Whether you are in favour or opposition to the building of a memorial for those killed in 1984’s Operation Bluestar is a question that is keeping us from tackling the genuine problem. The real issue here is one that we have seen over time – those places or sites related to an episode from the rich history of the Sikhs is being deliberately or intentionally rebuilt and signs of what actually happened in the past are being polished away.

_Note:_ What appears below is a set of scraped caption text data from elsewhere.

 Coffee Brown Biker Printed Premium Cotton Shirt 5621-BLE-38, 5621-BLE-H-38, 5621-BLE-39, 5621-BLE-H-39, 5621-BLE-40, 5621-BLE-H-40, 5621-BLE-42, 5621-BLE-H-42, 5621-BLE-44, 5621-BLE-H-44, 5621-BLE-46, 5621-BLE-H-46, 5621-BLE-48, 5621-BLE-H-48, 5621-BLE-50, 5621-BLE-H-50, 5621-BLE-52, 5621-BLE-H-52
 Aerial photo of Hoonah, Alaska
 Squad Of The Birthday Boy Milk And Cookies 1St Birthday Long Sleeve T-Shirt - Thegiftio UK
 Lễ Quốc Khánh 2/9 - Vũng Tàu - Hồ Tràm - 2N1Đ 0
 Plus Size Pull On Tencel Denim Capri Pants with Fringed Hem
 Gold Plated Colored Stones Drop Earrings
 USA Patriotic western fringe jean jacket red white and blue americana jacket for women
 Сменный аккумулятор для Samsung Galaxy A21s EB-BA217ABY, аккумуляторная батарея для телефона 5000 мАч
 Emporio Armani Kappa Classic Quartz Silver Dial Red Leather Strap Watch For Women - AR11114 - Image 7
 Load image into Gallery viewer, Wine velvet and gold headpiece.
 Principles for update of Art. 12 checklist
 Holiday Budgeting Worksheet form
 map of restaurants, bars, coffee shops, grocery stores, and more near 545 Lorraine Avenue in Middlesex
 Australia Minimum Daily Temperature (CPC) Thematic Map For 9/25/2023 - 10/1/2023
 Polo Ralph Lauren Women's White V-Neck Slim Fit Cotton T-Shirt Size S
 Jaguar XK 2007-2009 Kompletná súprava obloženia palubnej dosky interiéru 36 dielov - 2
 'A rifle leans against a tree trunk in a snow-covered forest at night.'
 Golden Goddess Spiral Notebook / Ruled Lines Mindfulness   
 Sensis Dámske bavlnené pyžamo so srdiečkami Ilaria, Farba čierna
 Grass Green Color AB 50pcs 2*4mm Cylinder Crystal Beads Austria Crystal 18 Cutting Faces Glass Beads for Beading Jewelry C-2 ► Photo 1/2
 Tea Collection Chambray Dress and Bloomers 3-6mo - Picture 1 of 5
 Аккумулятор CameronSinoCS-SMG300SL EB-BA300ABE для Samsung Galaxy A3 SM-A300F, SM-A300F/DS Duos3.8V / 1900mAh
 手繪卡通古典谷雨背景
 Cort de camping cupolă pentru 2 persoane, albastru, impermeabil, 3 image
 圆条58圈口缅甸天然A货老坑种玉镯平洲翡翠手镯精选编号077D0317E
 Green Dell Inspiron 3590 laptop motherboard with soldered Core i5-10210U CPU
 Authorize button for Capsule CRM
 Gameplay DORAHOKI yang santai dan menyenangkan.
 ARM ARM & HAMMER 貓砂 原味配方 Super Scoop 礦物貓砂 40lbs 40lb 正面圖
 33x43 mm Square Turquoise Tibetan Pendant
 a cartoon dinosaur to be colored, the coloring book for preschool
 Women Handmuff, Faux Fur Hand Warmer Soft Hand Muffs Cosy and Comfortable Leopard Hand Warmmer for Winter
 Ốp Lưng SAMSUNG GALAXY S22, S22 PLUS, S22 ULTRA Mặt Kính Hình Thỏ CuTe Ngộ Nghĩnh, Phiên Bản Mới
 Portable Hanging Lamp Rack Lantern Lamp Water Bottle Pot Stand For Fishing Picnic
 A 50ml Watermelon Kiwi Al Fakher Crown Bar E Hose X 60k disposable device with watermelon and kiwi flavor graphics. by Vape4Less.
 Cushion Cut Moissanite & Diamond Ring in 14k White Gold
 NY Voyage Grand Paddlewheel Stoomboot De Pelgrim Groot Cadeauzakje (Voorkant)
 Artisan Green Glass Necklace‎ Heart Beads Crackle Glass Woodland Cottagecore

The culmination of events stemming from both political and religious issues in the Punjab before 1984 resulted in the attack of the Indian army on the Golden Temple complex in June 1984. The destruction of Sri Akaal Takht Sahib and Sri Darbar Sahib was a clear signal by the central Government of India that the concerns of the people of Punjab were of no relevance and that they would have to abide by orders dictated from Delhi. Punjab was demanding a restructuring of governance by redefining Centre-State relations so that states could have more control. Particular to Punjab, there were other problems: the lack of a State capital; areas pledged to Punjab during formation not yet aligned to it (still not so); the creation of a separate High Court; control of State river waters; linguistic rights; and, many other inconsequential matters including the naming of trains and the relay of Gurbani from Sri Darbar Sahib. The main opposition party in Punjab, the Shiromani Akali Dal started the people’s agitation under the banner of a Dharam Yudh morcha. The central Government of that time, under the Congress Party opposed all demands. It was in this movement that Sant Jarnail Singh Bhindrawale emerged as the main force and gave rise to an upheaval amongst the Sikh masses, mainly the young. To curb this growing awakening and rightful protest, in June 1984 the Indian Government ordered the armed forces to attack the Golden Temple complex and strike at the head quarters of the movement.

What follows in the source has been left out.